Fragment of a Felt Panel By the Author |
I have pretty much always felt that creating a strong, positive classroom community/culture is good for any and all instruction, from kindergarten through adulthood. It's my background, my roots in progressive education, the 60's, you name it. I knew it was important for developing good writers (yes, I had also been through lots of writing/reading process workshops).
But I really hadn't understood until I got to the end of this particular doctoral level qualitative research course (Fall Semester 2014: 07.704) that community was equally important for developing excellence in qualitative research, not because it made the instruction "take" better, but because it literally made people better in the field doing the research. It took my students, as usual, to show me how this worked.
We were having our very last discussion of the semester and talking about what had happened in the 14 weeks we had been together. I asked them about the community we had developed in the classroom during that time. As they talked about the importance to them of "being heard", "everyone being respected" "being able to share divergent opinions" "testing ideas out" "being allowed to speak their mind"--it suddenly clicked for me. I realized that if they experienced these notions in the classroom, and if they embodied that experience of openness or safety, they would be able to go into the field and share that experience with the participants of their studies. In other words, they would be able to talk to their researchees without fear, recreating for that person an open and questioning attitude, a characteristic of the best interviewers. Or they would be able to observe a classroom with bracketed judgment, a trait of the best observers.
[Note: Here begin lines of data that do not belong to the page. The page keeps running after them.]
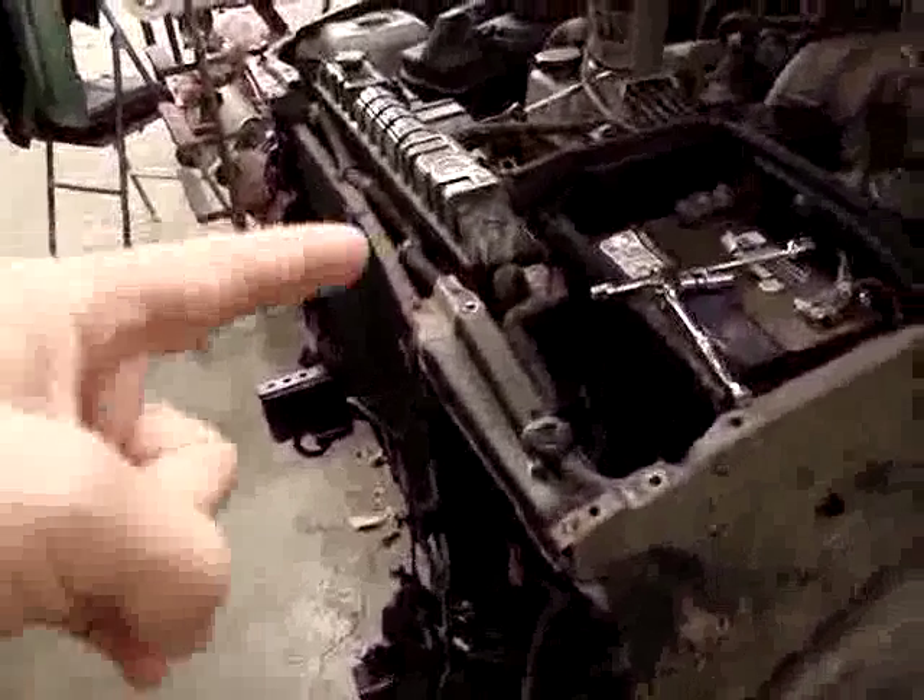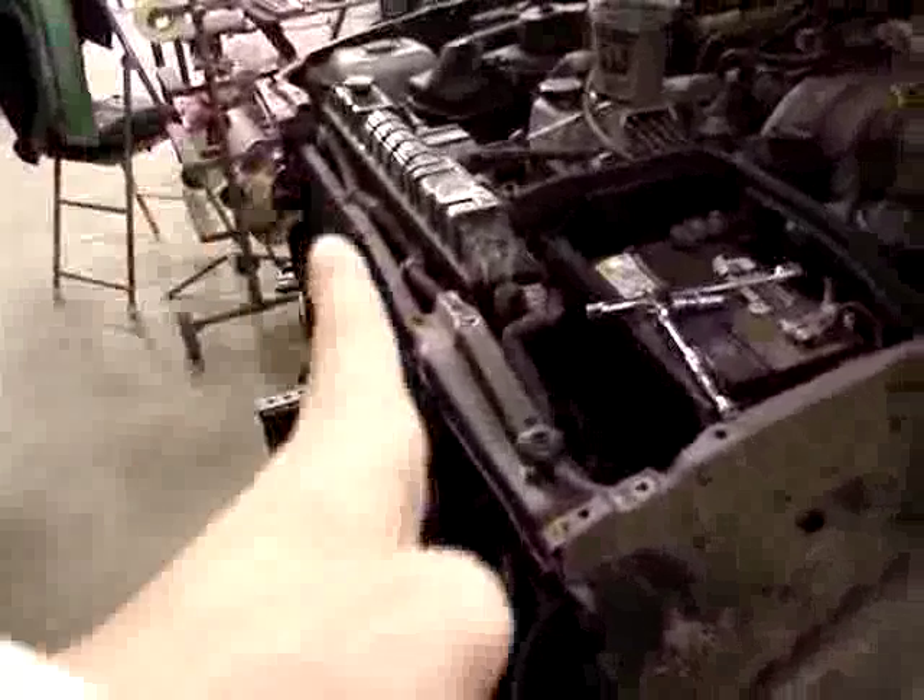One of the pieces came in — the radiator support, I think, left to right-hand side — just came in from Toyota, so we're getting on that. You can kind of see where it bows in right there; it should be straight across.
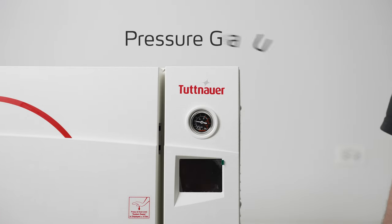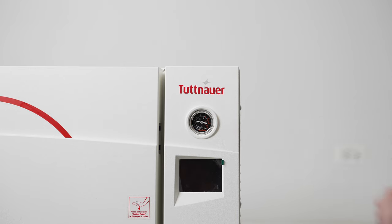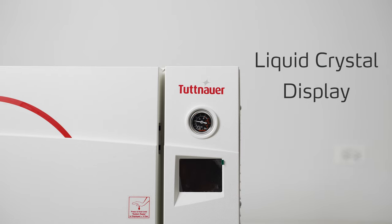First I would like to point out the pressure gauge here. This is a live reading pressure gauge that will show you the actual readings inside the chamber during operation. Below that we have the liquid crystal thin film display — a full color display that will show you the live readings inside the chamber as well.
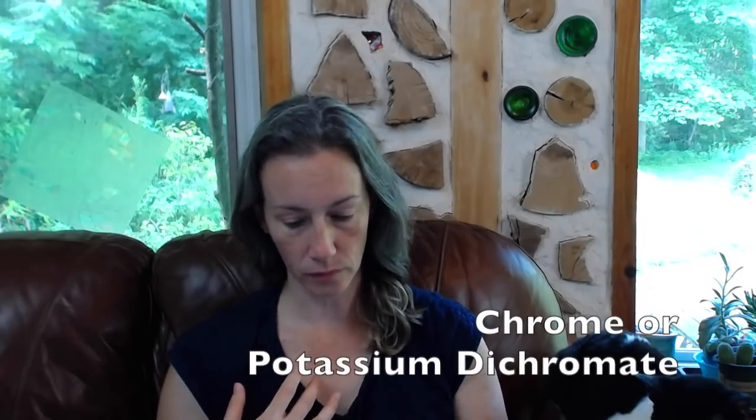The last mordant you may hear about — which I don't know anyone using anymore — is chrome, or potassium dichromate. It works the same way in bonding with hydrogen bonds, but it is very toxic. It can cause contact dermatitis and it's also a known carcinogen — it can cause cancer. Chrome is not used in natural dyeing anymore. It was used many years ago before we knew the side effects, but it's not one people use today.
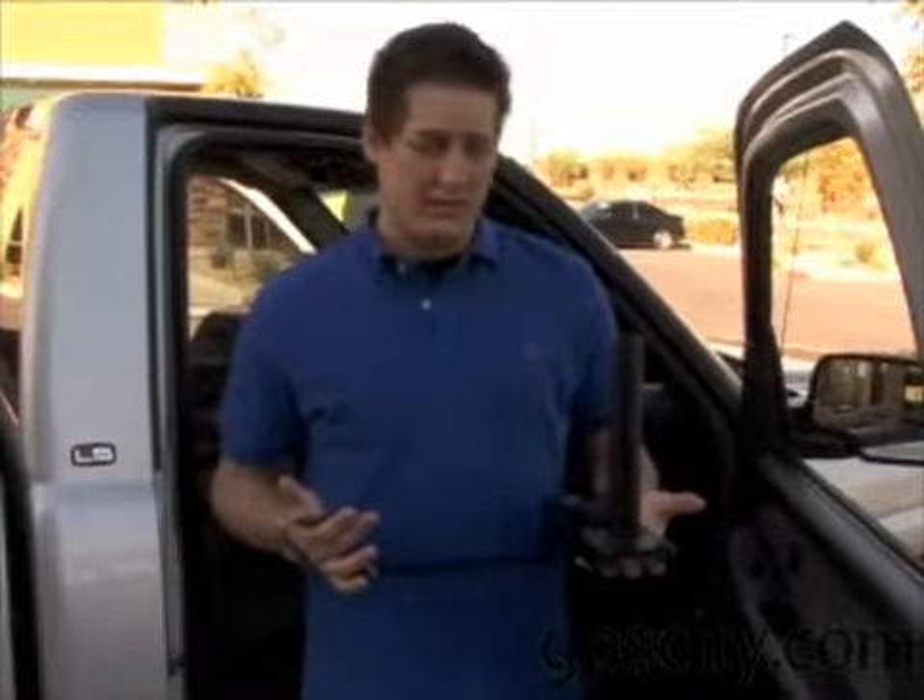Here we have a Ram VB102 and today we are going to be installing it on a 2003 Chevy Silverado 1500.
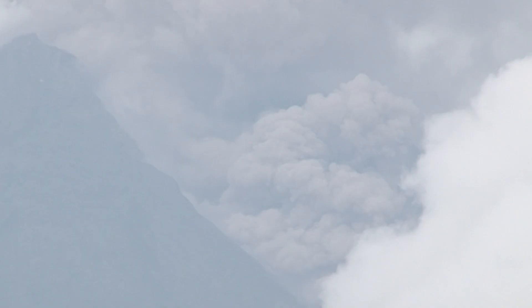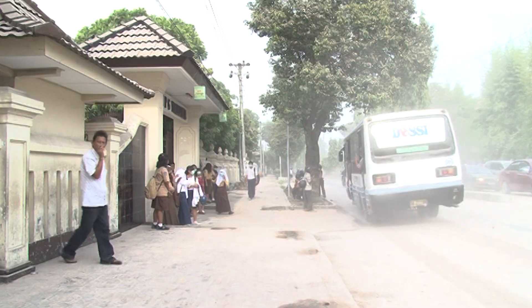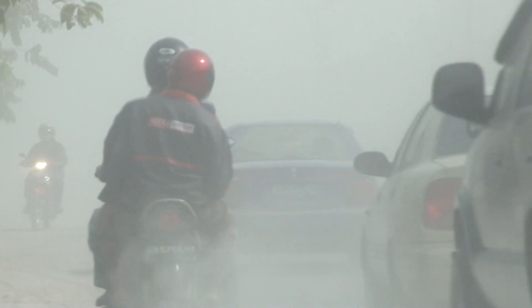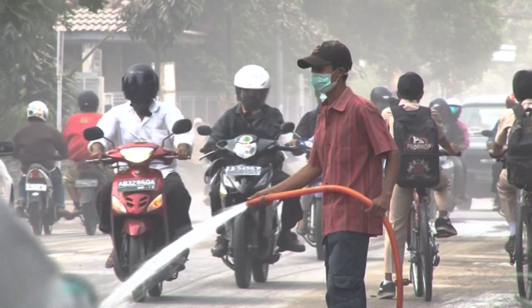Breathing volcanic ash and other particles can be uncomfortable and may cause serious health problems for some people. You may want to reduce your exposure to volcanic ash, or you may have been advised to do so. The best way to do that is to stay indoors, but if you are outdoors or cleaning the ash, you may want to wear a face mask. This video shows how to put one on so it will fit you well.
For the first time since I began to teach qualitative research (1998 is when I officially started down this path!), I began to see the entire scope of what happened in the classroom as pertinent to research training. In other words, I broke down the barrier that had existed in my mind between teaching research and being a student or teacher, and conducting research and being a researcher or participant.
I tried to articulate this to the group, but I think they may have thought I was beginning to lose it! It was a profound moment for me, and as usual I owe it to my students.